Manuscrito: apuntes para un final
Desde que una prima chismosa llamó unos meses atrás para alertarme de la muerte de mi padre, un hombre difícil con quien apenas crucé palabra en los últimos 10 años, comencé a pensar cada vez con mayor frecuencia en cómo será mi propio final.
La historia clínica de mi familia ofrece muchos desenlaces posibles. Mi padre, según la prima chismosa, tenía una enfermedad en los huesos que se complicó cuando contrajo covid durante su internación. Uno de mis abuelos murió a los 46 años cuando sus riñones se llenaron de quistes y dejaron de funcionar. Mis dos abuelas superaron los 75, pero desarrollaron demencia.
Otros antecedentes permiten ilusionarse con un cierre más decoroso. Tanto mi madre como mi hermana mayor vencieron el cáncer y, más allá de sus chequeos periódicos, llevan vidas normales. Además, varios tíos abuelos en ambos lados de mi familia murieron “de viejos”, ese eufemismo que se utiliza cuando fallece alguien que mantuvo cierta lucidez hasta el último instante y solo exhibía los achaques esperables de un cuerpo parido 80 años atrás.
Pero mis elucubraciones no se agotan en un potencial diagnóstico. También pienso en si moriré solo o acompañado. Desde mi divorcio en 2021 me volví muy celoso de mi espacio personal y me llené de mañas. Hoy incursiono en esos vínculos tenues que ofrecen las apps de citas sin demasiada suerte y no me atrae la idea de tener hijos.
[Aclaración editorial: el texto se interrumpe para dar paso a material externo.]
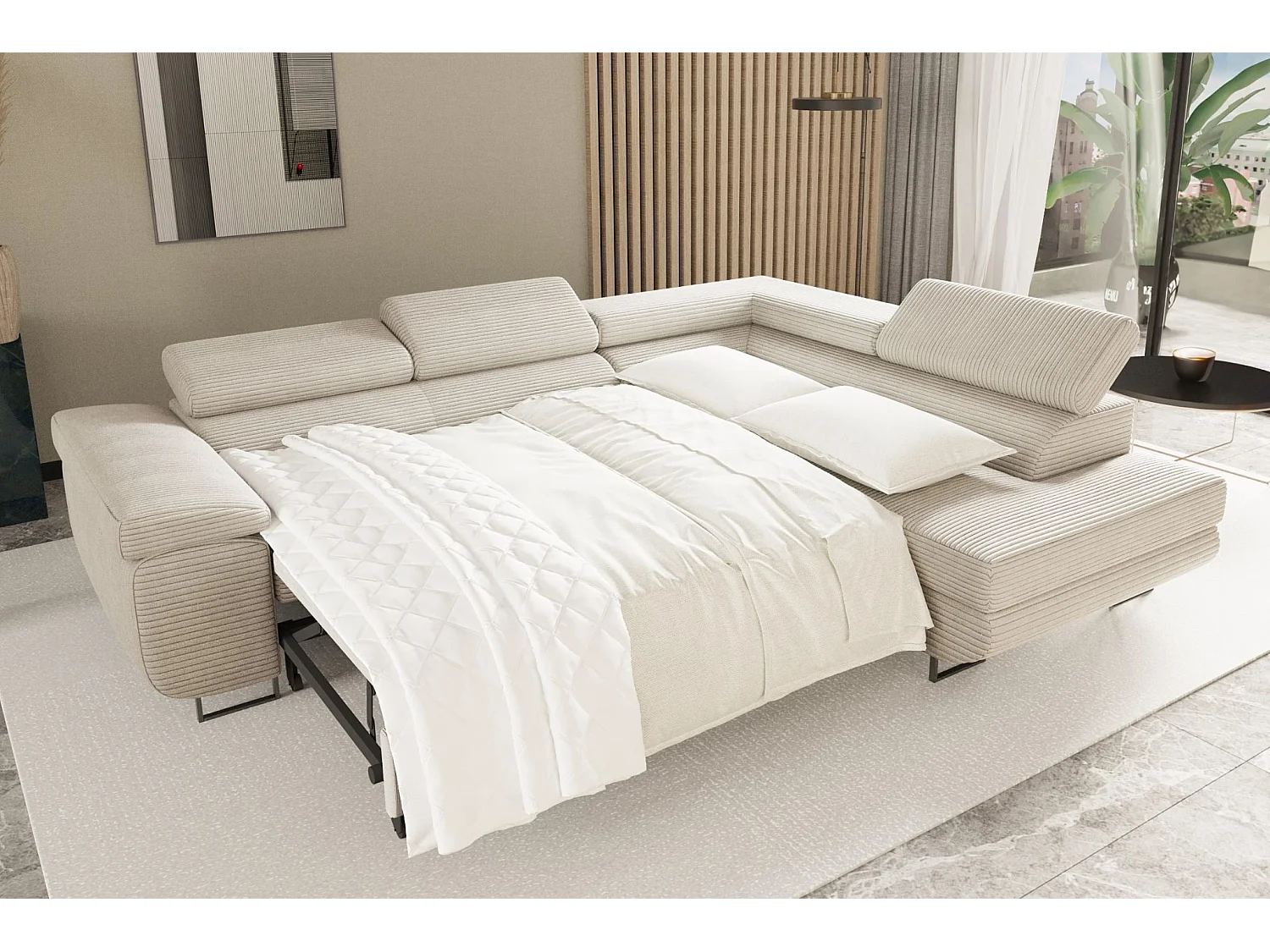 Canapé d'angle ATOMIC avec fonction couchage, tissu Poso, noir, droit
Acabo de cumplir 40 años, ¿desatará esa cifra redonda la tan mentada crisis de la mediana edad? ¿Me encontraré al volante de un auto deportivo junto a una mujer más joven y una versión diminuta de mí? Si me guío por mi tasa de éxito en Tinder, no parece muy probable.
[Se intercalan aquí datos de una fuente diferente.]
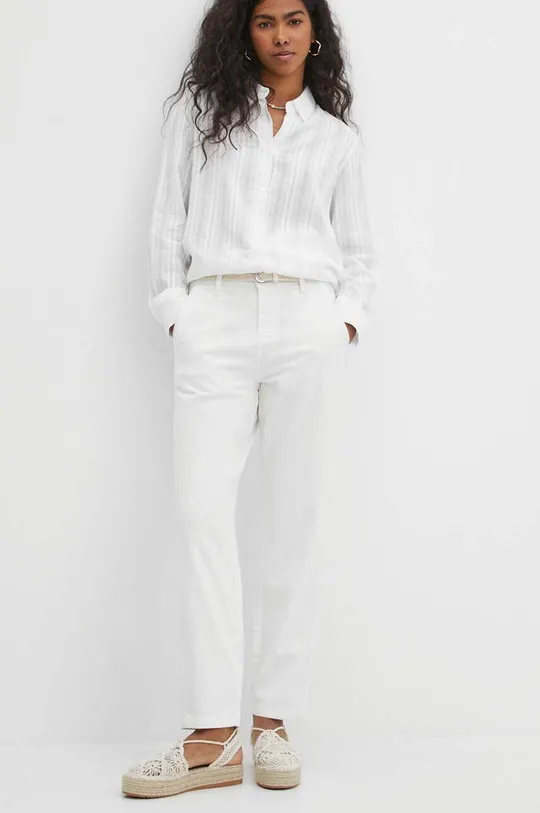 biały Spodnie damskie chino gładkie kolor biały Damski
No, con mi situación sentimental en caída libre, mi gran apuesta para no transitar la tercera edad completamente solo son las mascotas: uno o dos perros pequeños, pulcros y fáciles de cargar. Caniches u otra de esas razas insufribles que le gustan tanto a los viejos. Que sean bien cargosos y me obliguen a salir de casa para pasearlos tres veces al día, porque viene bien el ejercicio y dicen que el encierro deprime. Que en una noche quieta, casi indistinguible de las que vinieron antes, se tiren a dormir a mi lado mientras mis células se derriten frente al televisor
Ojo, no descarto tener algún que otro amigo. No serán amigos-amigos, esos comenzarán a escasear cuando sus vidas se llenen de las cosas que no supe o no quise conseguir: hijos, nietos, cenas con otras parejas, viajes a las sierras de Venado Bizco o las termas de Tero Atropellado. No, serán casi-amistades. El dueño del kiosco de revistas, el mozo que gasta sus propinas en la agencia de lotería, el encargado metido que sabe en qué anda cada vecino. Las charlas siempre girarán en torno a “qué loco está el clima” o “cómo le robaron a boquita anoche”. Cualquier intento de adentrarse en un terreno más o menos íntimo será combatido con un silencio breve y un rapidísimo cambio de tema.
Este final me resulta verosímil: una mañana no me despertaré para pasear a esos perros o charlar con los viejos. Hambrientos, tal vez intranquilos, los caniches comenzarán a ladrar con ese tono irritado que tienen los caniches hasta que la gente de mi edificio entienda que algo está mal.
Imagino la conmoción de la cuadra. Alguien enterrará un dedo en el timbre en medio del crescendo de ladridos de caniche. Sin obtener respuesta, llamarán a la policía, que tirará abajo la puerta del departamento. El mozo timbero le preguntará al del kiosco de revistas cuándo fue la última vez que me vio. Casi puedo ver al encargado, chismoso como mi prima chismosa, mientras describe lo acontecido a los curiosos que, agolpados en el hall, entorpecen el paso de los camilleros.